The sweltering air outside seemed normal now. I pulled my tie down another notch and opened the door to the Ford. The pits were gone now; the parking lot was safe for humanity. I settled in carefully on the hot vinyl car seat, and after
a few deep-throated rumbles that made the Escort sound like an Alfa, I pulled back out into traffic.

I headed up Gallatin Road toward Inglewood. This part of town has more junk stores, salvage warehouses, cheap liquor stores, and pawn shops per capita than any other place I’ve ever seen. Off to my right, Riverside Drive ran parallel a mile or so away, changed names, then curved left and intersected Gallatin Road just ahead of me. I stopped short of the light, turned left onto some side street I never could remember the name of, and meandered back into a really seedy part of town.

Maybe it’s not all
that
seedy; it’s just that I’ve never gotten accustomed to being surrounded by junkyards, body shops, illegal dumpsites, and motorcycle gang headquarters. Down the road, on the left, next to a concrete block building that housed Billy and Sam’s Expert Auto Maintenance on one side and the Death Ranger’s clubhouse on the other side, sat a faded, old mobile home in the middle of a desolate, closed junkyard. An eight-foot-tall chain link fence surrounded the lot, which was littered with the rusting hulks of generations’ worth of automotive dreams and overgrown with weeds and brush.

I pulled up in front of the gate and parked. I walked up, shook the gate to make a little noise, and waited for Shadow to emerge from wherever she’d been hiding out from the sun. Shadow, an aging black female German Shepherd trotted around from behind the trailer, ears at attention, a slight tilt to the left that came from age and the genetic hip displacement that seems to plague shepherds so badly.

She was slow, laid back, but I knew that was because I was on this side of the fence. If I crossed to the other side without either permission or recognition, she’d tear my throat out.

“Shadow,” I said, holding a hand, palm out, against the gate. “Hey, babe, what’s happening?”

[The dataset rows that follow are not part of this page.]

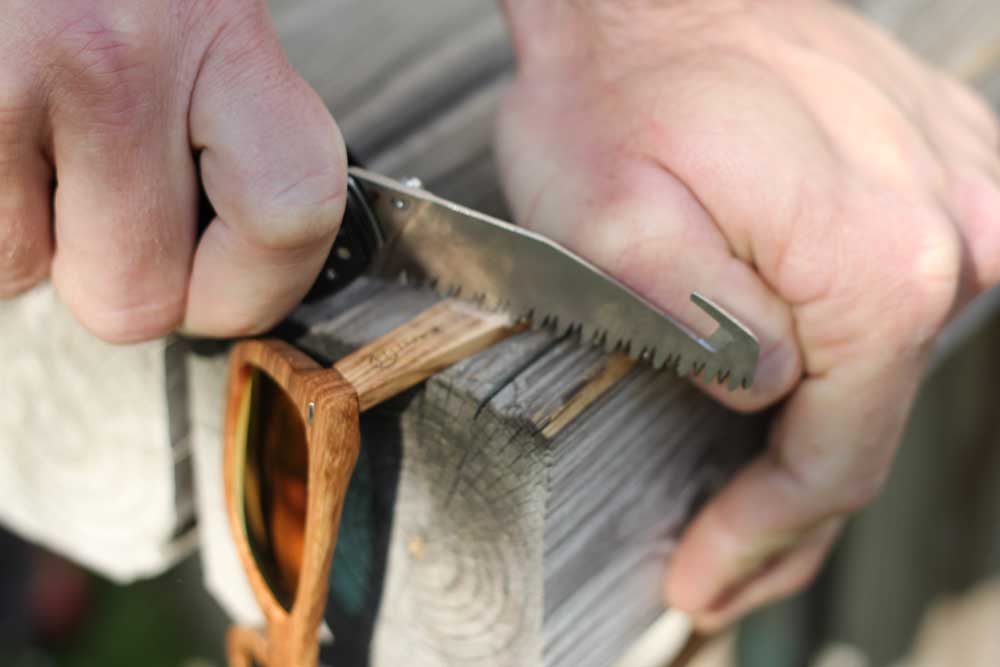 earth-wood-sunglasses-saw-2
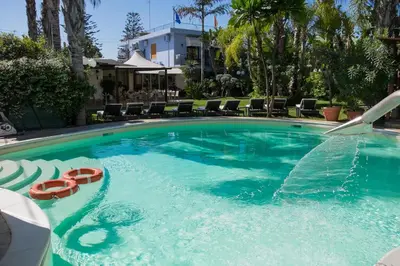 Piscina di Hotel Villamare o nelle vicinanze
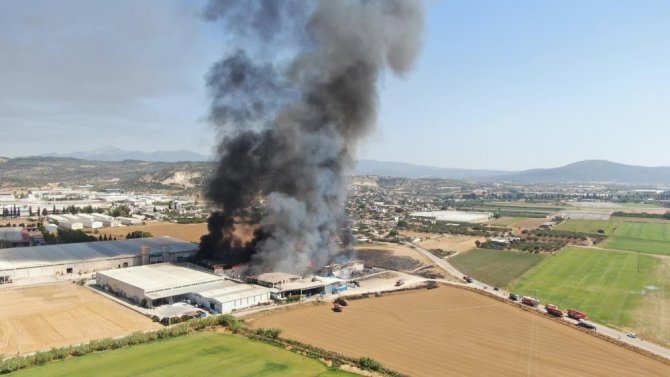 İ̇zmir’de Kozmetik Fabrikasında Büyük Yangın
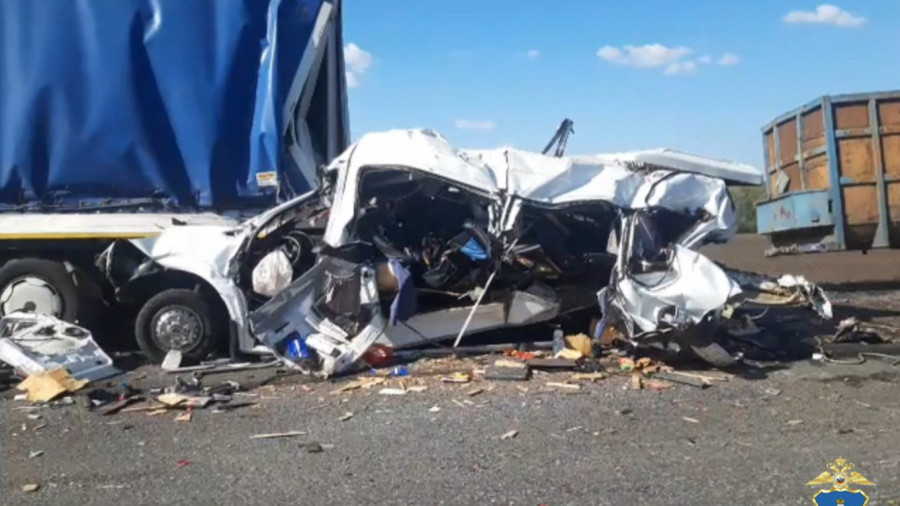Ρωσία: 16 νεκροί σε σύγκρουση λεωφορείου και δύο φορτηγών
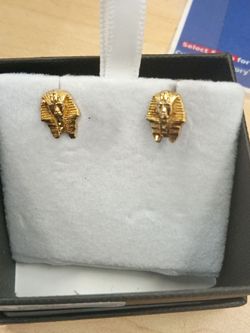 10k 0.8g, y gold pharaoh earrings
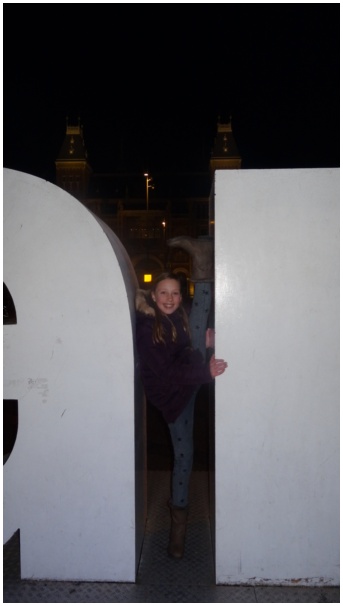 321x583 pixels (37K)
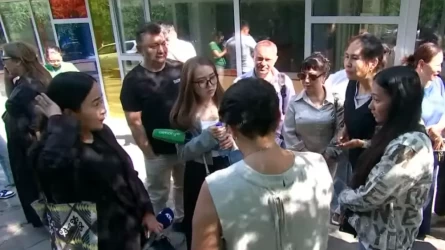 В Алматы сотни абитуриентов оказались жертвами обмана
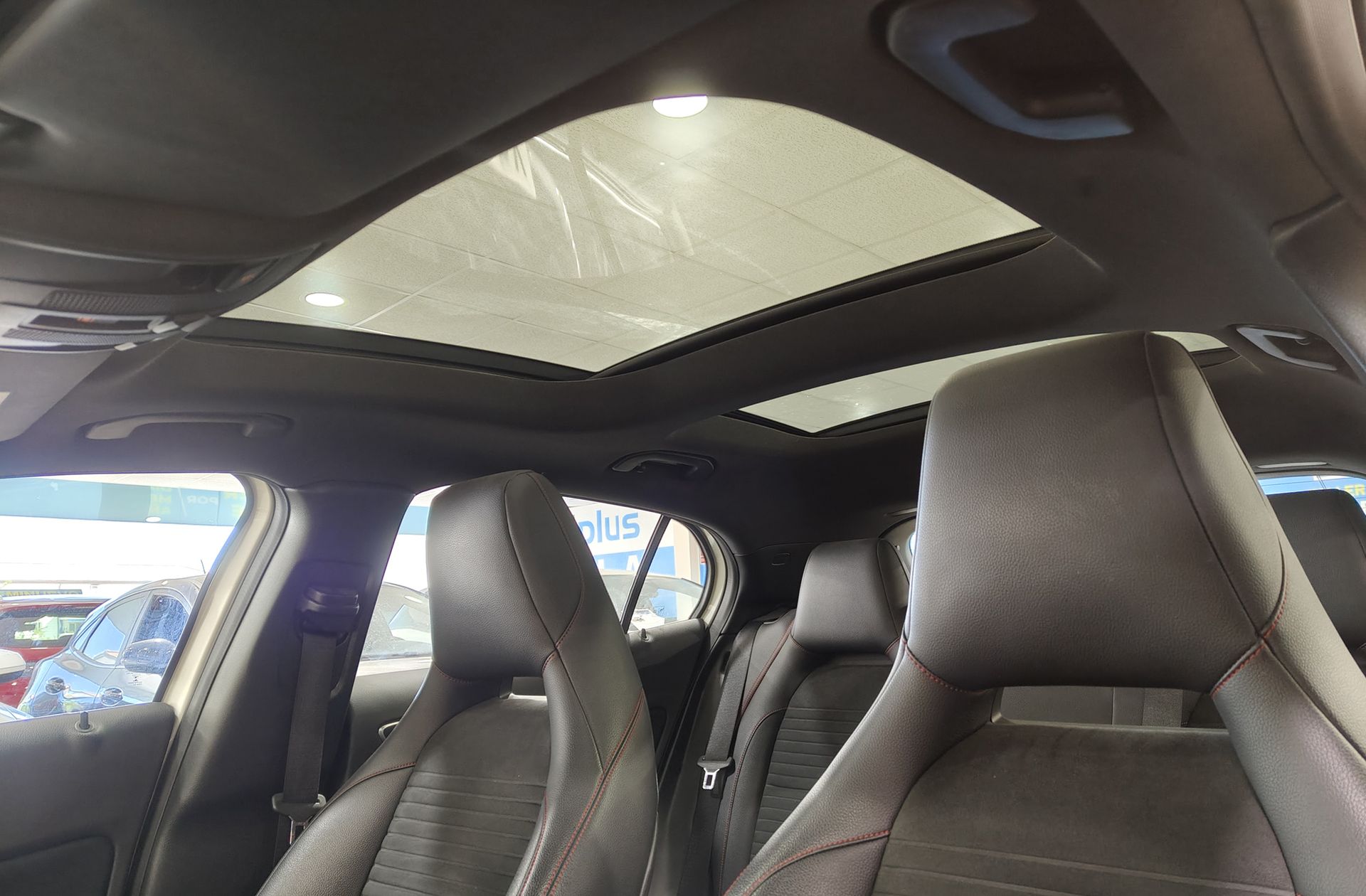 Mercedes-Benz GLA 200 d AMG Line - foto 6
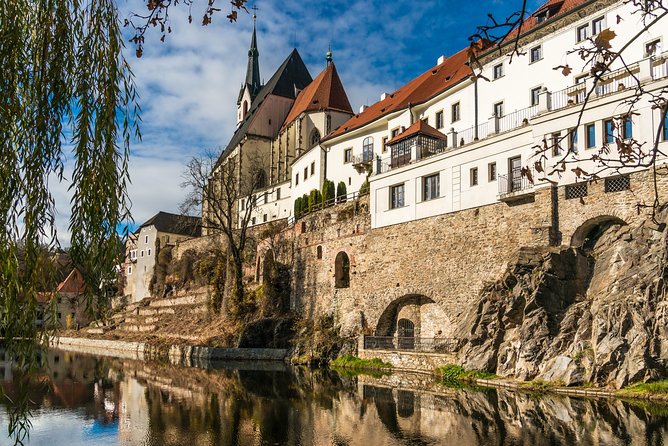Full-Day Trip From Prague to Cesky Krumlov - Meeting and Pickup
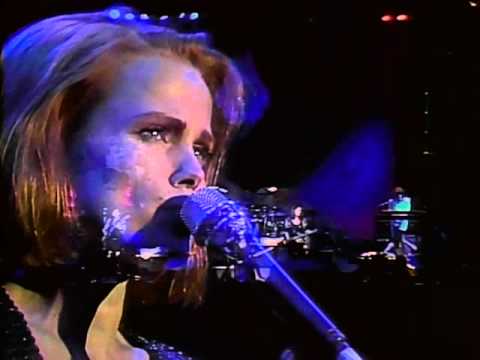 Belinda Carlisle — Belinda Carlisle - World Without You (Runaway Horses Tour '90)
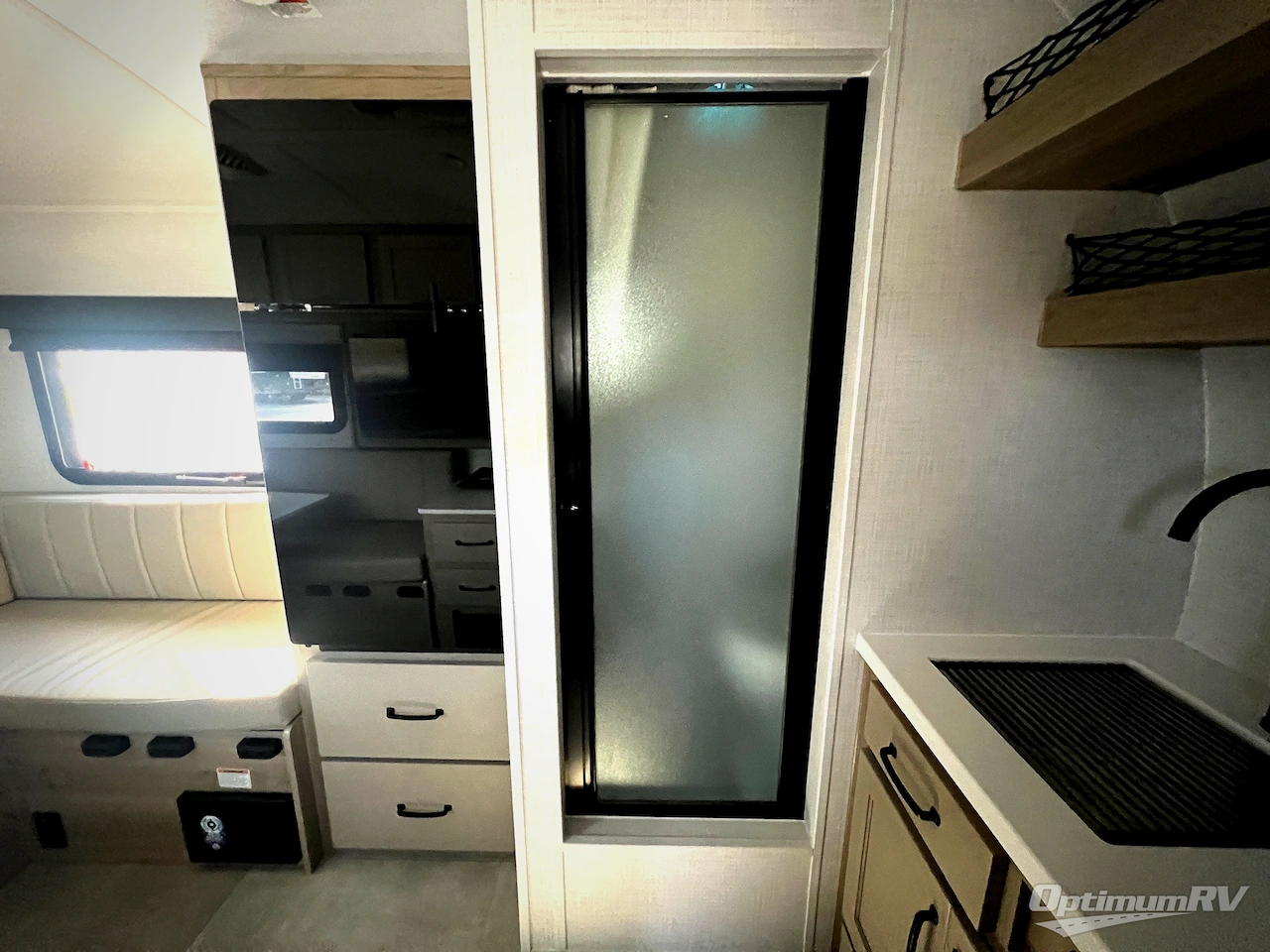 2025 Forest River Rockwood GEO Pro G15RDG Photo 14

She stopped about six feet away, sniffing, focusing. Then she approached slowly and ran her huge, wet, black nose up the chain link fencing to my hand. She sniffed a couple more
times, then the tail started bouncing around like a clock unwinding. She whimpered a little, then backed away so I could open the gate. I lifted the chain off the hook, pressed the gate open a foot or two, and stepped inside the lot. Shadow was on my shoulders in a second, licking my face and nuzzling me. I reached inside my pocket, pulled out the napkin and unwrapped the chicken.